Originally Posted by saevel25
i'm not sure, its not something i thought about, but i am going to take a guess. The bow and cupping of the wrist don't cause as much open and face closing as the forearms but they do. grip the club with your left hand, take your stance, and then keeping your left arm still (hold it with the right hand if you can't), just cup and bow the wrist. You see that the clubface moves laterally down the line, not around the body. Now for regards to open and closing a clubface, think of this on the golf plane, that moves around your body. If you at impact, you add loft, but you also change the impact position along the arc, meaning the clubface relative to your swing path will now be open compared to if you didn't. If you bow your left wrist, you change your impact position, and the clubface will be closed.
So really its just something you have to be concious about in the swing. I believe i heard announces say Dustin Johnson, who bows his left wrist, has to hold off rotating the clubface through because if he does he will duck hook the ball.
I'm sure it all makes sense, saevel, but i didn't understand this bit.
I've been playing around with it in front of a mirror and have some new thoughts. It strikes me that cupping the wrist during the backswing changes the shaft plane. Specifically, it gets steeper, so that at the top of the backswing you are above the plane. So you come down over the top, approaching impact on an out-to-in path, and so you have to open the clubface relative to this path to square the face to target. Hence a fade/slice.

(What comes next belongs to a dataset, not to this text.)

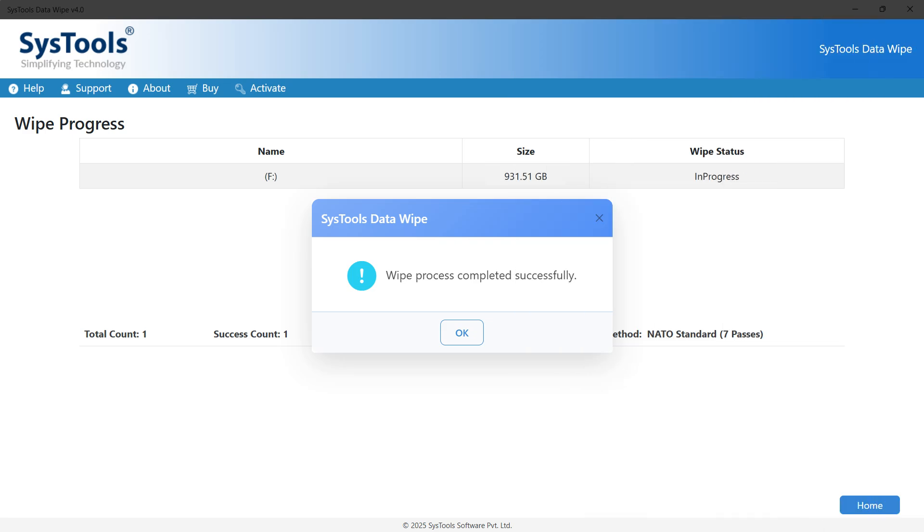And that's it. That's how you can wipe NVMe and M.2 data using different methods.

Similarly, if you bow the wrist during the backswing, this flattens the shaft plane, so at the top of the backswing your bowed left wrist puts the shaft under the plane. From here you approach impact from the inside, on an in-to-out plane, and so you have to close the face relative to this path in order to square the face to the target. Hence a draw/hook.
In summary, i'm wondering if it is the effect on the shaft plane more than the effect on the face of cupping/bowing during the backswing, that leads to compensatory adjustments to the face (opening or closing it) at impact.